- **Provided material**
++++++++++

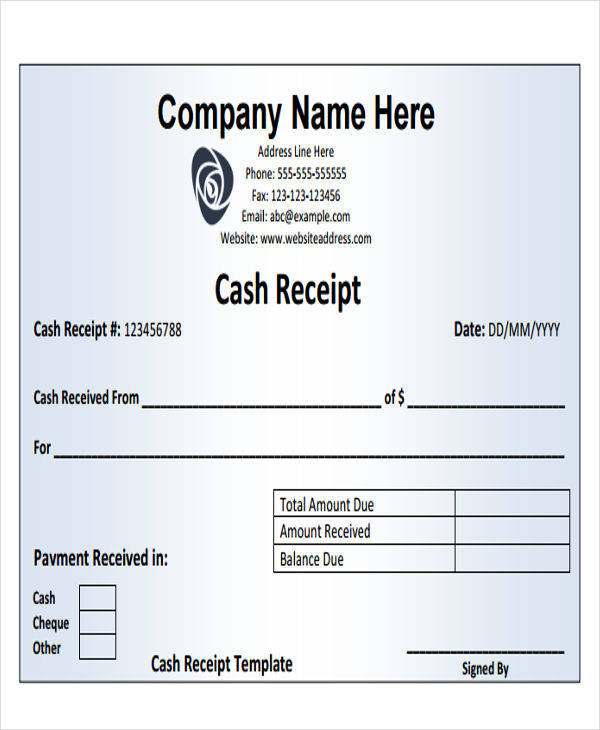 exclusive free cash receipt template australia beautiful receipt template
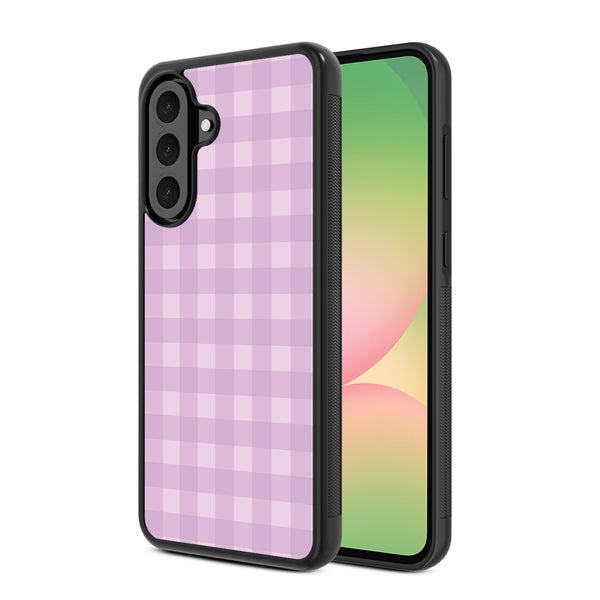 MyBat Design Lab Series Case for Samsung Galaxy A56 5G - Purple Plaid - MSA565GCSLESM483-2.jpg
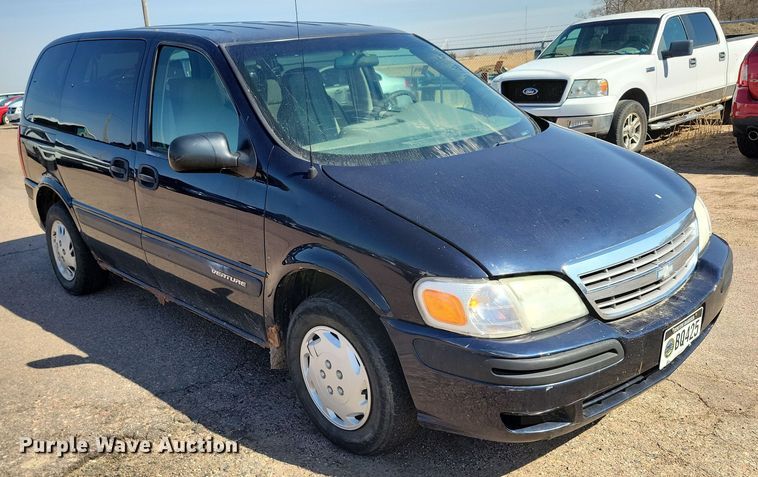 image for item NB9954 2003 Chevrolet  Venture van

++++++++++

- **What you should do**
Every line of the listing above is to be repeated exactly, with its pictures left out.

- **Your response**
 exclusive free cash receipt template australia beautiful receipt template
 MyBat Design Lab Series Case for Samsung Galaxy A56 5G - Purple Plaid - MSA565GCSLESM483-2.jpg
 image for item NB9954 2003 Chevrolet  Venture van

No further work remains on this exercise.